From comp.unix.pc-clone.32bit Mon Apr  5 14:03:24 1993
Xref: utcsri comp.unix.pc-clone.32bit:2466 comp.unix.sys5.r4:2451
Newsgroups: comp.unix.pc-clone.32bit,comp.unix.sys5.r4
Path: utcsri!rpi!uwm.edu!linac!att!att-out!cbnewsj!dwex
From: dwex@cbnewsj.cb.att.com (david.e.wexelblat)
Subject: The Great Upgrade Saga (LONG)
Organization: AT&T
Date: Sun, 4 Apr 1993 13:54:01 GMT
Message-ID: <1993Apr4.135401.13520@cbnewsj.cb.att.com>
Followup-To: comp.unix.pc-clone.32bit
Lines: 375


			The Great Upgrade Saga
				  or
		       How I Hacked My Hardware
		     (and lived to tell about it)

The saga I describe details the trials and tribulations of my (ultimately
successful) hardware and OS upgrades.  I learned a lot from this experience,
and I hope that some of you find this useful.  There are a lot of lessons
here, in how to find the correct hardware, in what to do and what not to
do when trying to get things working, and ultimately, the value of paying
for quality parts and quality support.

I had hoped to make this story, and the qualitative performance analysis
of the results, available a while ago.  But going through the trials and
tribulations described below put me behind schedule on my major project,
XFree86, so I'm just getting to this now.
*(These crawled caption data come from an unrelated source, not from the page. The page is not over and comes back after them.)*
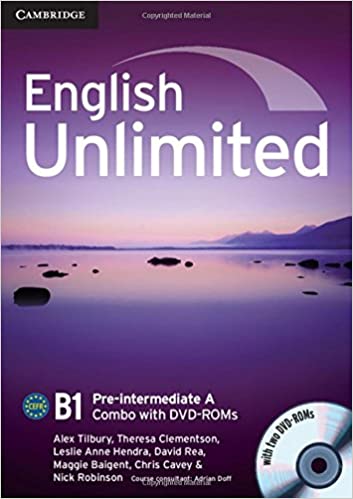 English Unlimited Combo with DVD-ROMs Pre-Intermediate A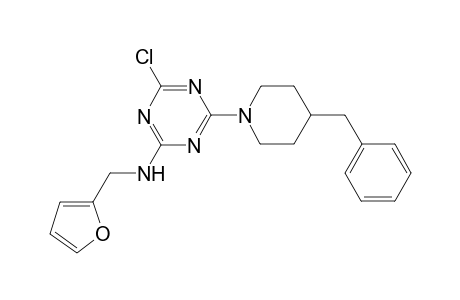 4-(4-benzyl-1-piperidyl)-6-chloro-N-(2-furylmethyl)-1,3,5-triazin-2-amine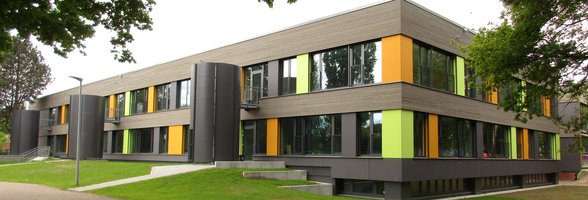 Fassade der IGS Kreyenbrück. Foto: Stadt Oldenburg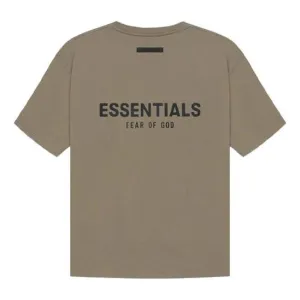 Fear of God Essentials SS21 Short Sleeve Tee Taupe, Brown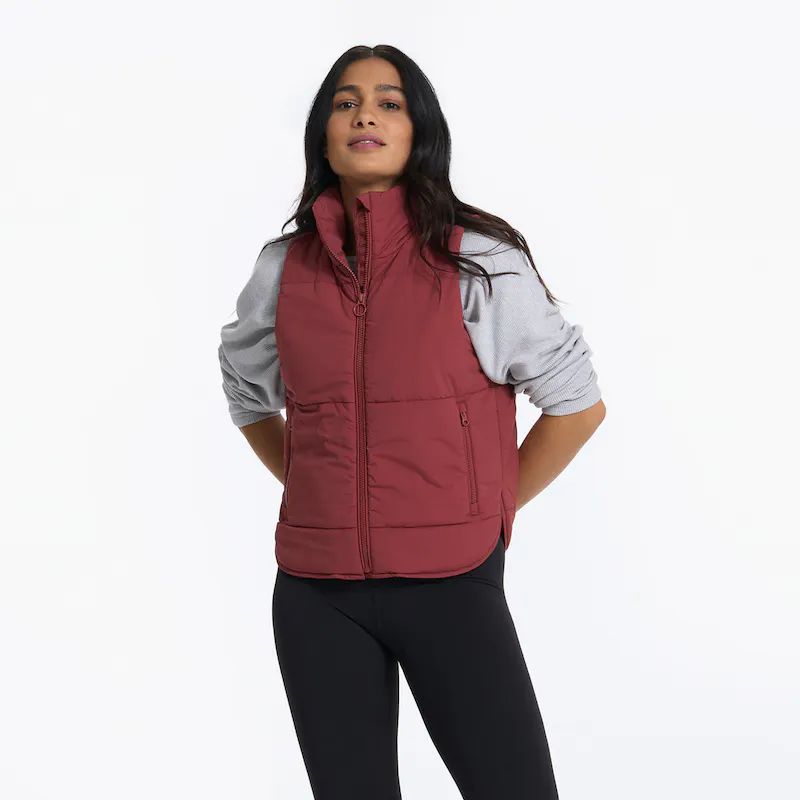 Canyon Insulated Vest | Currant | Vuori Clothing (US & Canada)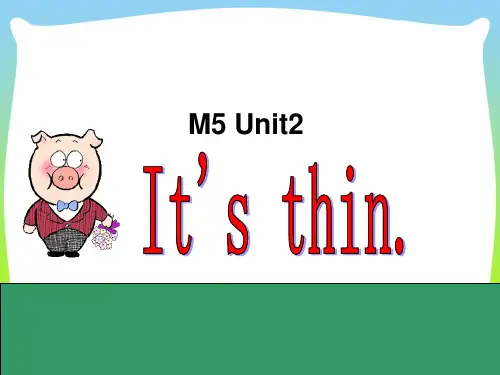 外研版一年级英语下册Module5Unit2It’sthin课件3.ppt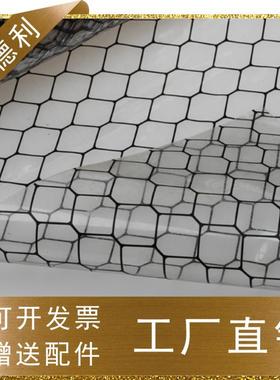 pvc防电网格帘软透明门帘无尘隔断帘子环静保阻燃帘1.37*0.3洁棚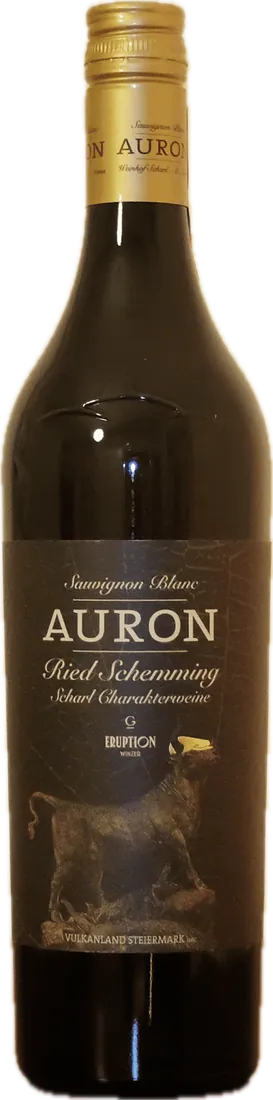 Flasche Scharl Sauvignon Blanc Auron, Ried Schemming 2019 und 2022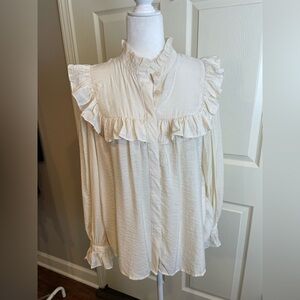 Who what wear peasant blouse large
Prelude - Relevant Background
-----------------------------
I had been running on a Tangent 486/33 EISA box, containing a Mylex MAE 
486/33 motherboard with 16M memory, 128k cache, a Seagate Wren VI (~330M) 
SCSI drive, an Archive 2150S tape, and a few other miscellaneous items.  
This system runs Microport SVR4.0, version 4.1 at the time I began this.  My 
major use for this machine is as the development base for XFree86.  As some
of you may be aware, X11R5 is a disk pig like nobody's business.  My disk
as so full that I had been in a mode for the past 4-5 months of doing a 
full backup, then deleting 30-40M of stuff so I could build the X tree, then
rolling stuff in from the tape when I needed it.  Needless to say, this had
to stop.

At AT&T, there is generally an annual bonus that comes out mid-March.  My
wife and I agreed that I could spend the money this year on upgrading the
machine with more storage capacity (last year's bonus went to pay the IRS;
this year, we bought a house, so they wound up owing US money :->).  My
plans were to get 500M-1G of disk, and a DAT to back it up with.  Microport
had recently come out with their SVR4.0v4.2, which included, among other
things, drivers for Adaptec, BusLogic, and DPT EISA SCSI Host Adapters in
Enhanced mode, so I decided to replace my Adaptec 1542B with an EISA Host
Adapter.

Chapter 1 - The Decisions
-------------------------
Once the size of the bonuses were announced, which was about 6 weeks before
the checks came, I started shopping in earnest.  I talked with the developers
at Microport, and with the technicians at Tangent, and learned that the
Adaptec 174x and the Mylex motherboards don't get along well (turns out that
the Mylex motherboards don't get along with much well - we'll get back to
that).  So I decided to go with a BusLogic 742 or 747 (the Fast-SCSI II 
version of the 742).  I decided that I could afford about 1G of disk, and
a 1.3/2G uncompressed DAT drive.

So I got out my handy-dandy copy of Computer Shopper and started looking.
Turns out that the BusLogic host adapters are hard to find.  About 2 weeks
into this, there was a posting on one of the comp.unix.pc-clone newsgroups
from Ed Whittemore of American Micro Group, where he mentioned having good
success with BusLogic host adapters.  Since I had seen a lot of useful,
informative postings from Ed, and had seen lots of adds from American Micro
Group (i.e. they'd been around for a while), I decided to drop him a note
and see what advice he had.  AMG sells Intel Unix boxes, not Intel boxes
that just happen to run Unix.  This is a very important distinction - these
guys KNOW what goes on with these kind of complex machines.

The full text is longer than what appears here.